**EXERCISE AIM:**
What should be copied is the stretch of entries below from the line with "ワクチンデビューの理由を示す" up to and including the line with "Düz Bölünmüş Ön Bağcıklı Etek Takımı", exactly and without images.

**INFORMATION:**
*-*-*

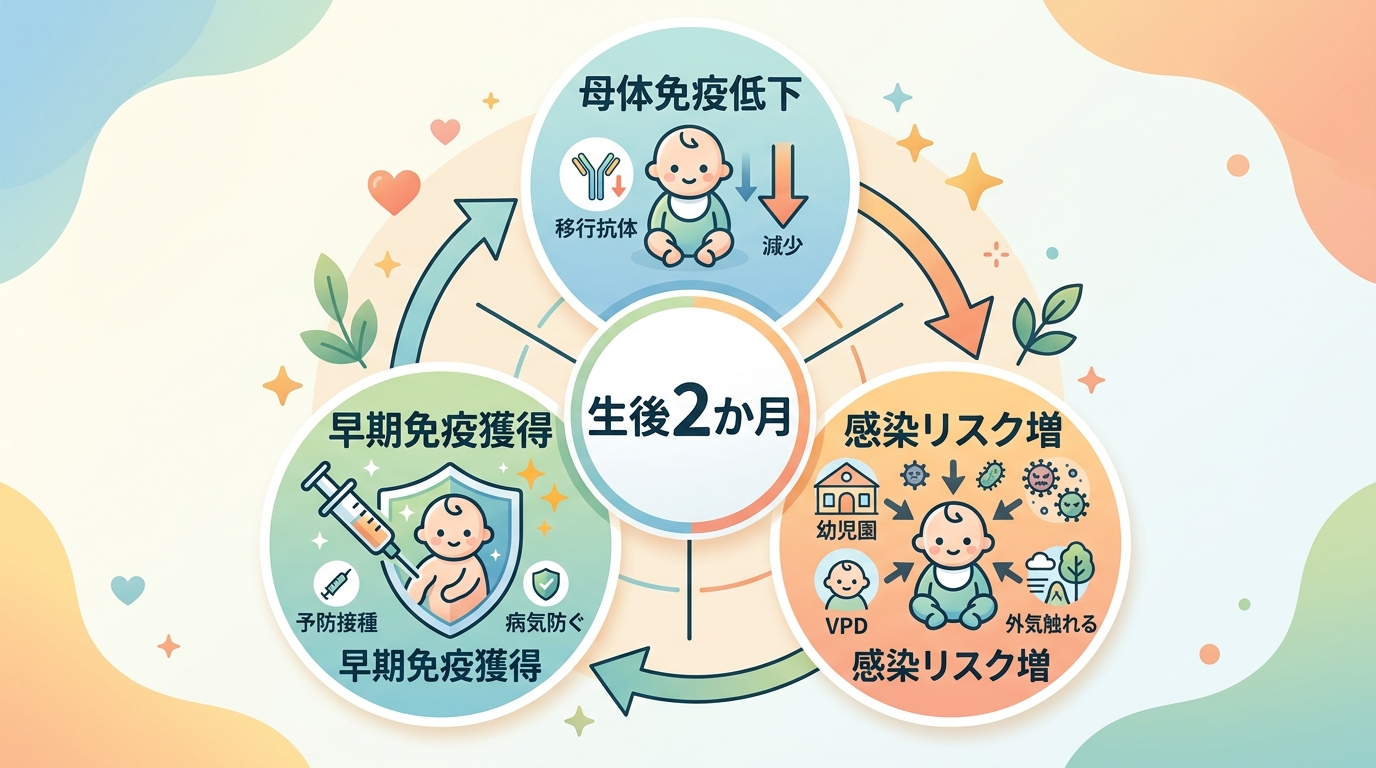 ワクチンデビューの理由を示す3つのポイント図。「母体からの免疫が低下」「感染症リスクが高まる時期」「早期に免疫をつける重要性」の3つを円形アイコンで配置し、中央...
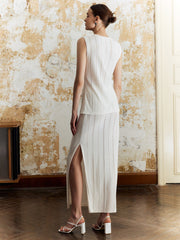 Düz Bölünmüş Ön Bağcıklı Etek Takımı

*-*-*

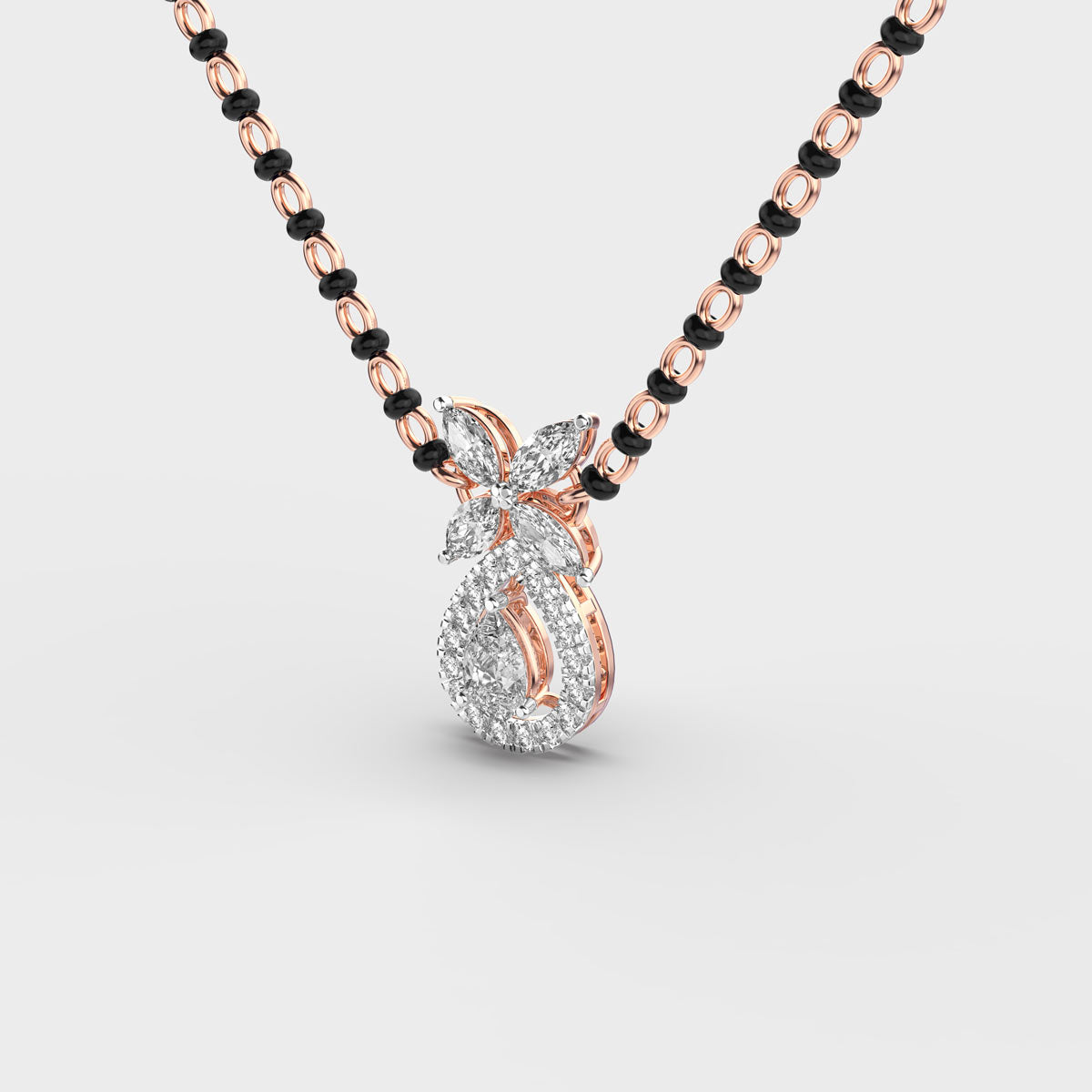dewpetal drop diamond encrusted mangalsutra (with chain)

*-*-*

**RESULT BELOW:**
 ワクチンデビューの理由を示す3つのポイント図。「母体からの免疫が低下」「感染症リスクが高まる時期」「早期に免疫をつける重要性」の3つを円形アイコンで配置し、中央...
 Düz Bölünmüş Ön Bağcıklı Etek Takımı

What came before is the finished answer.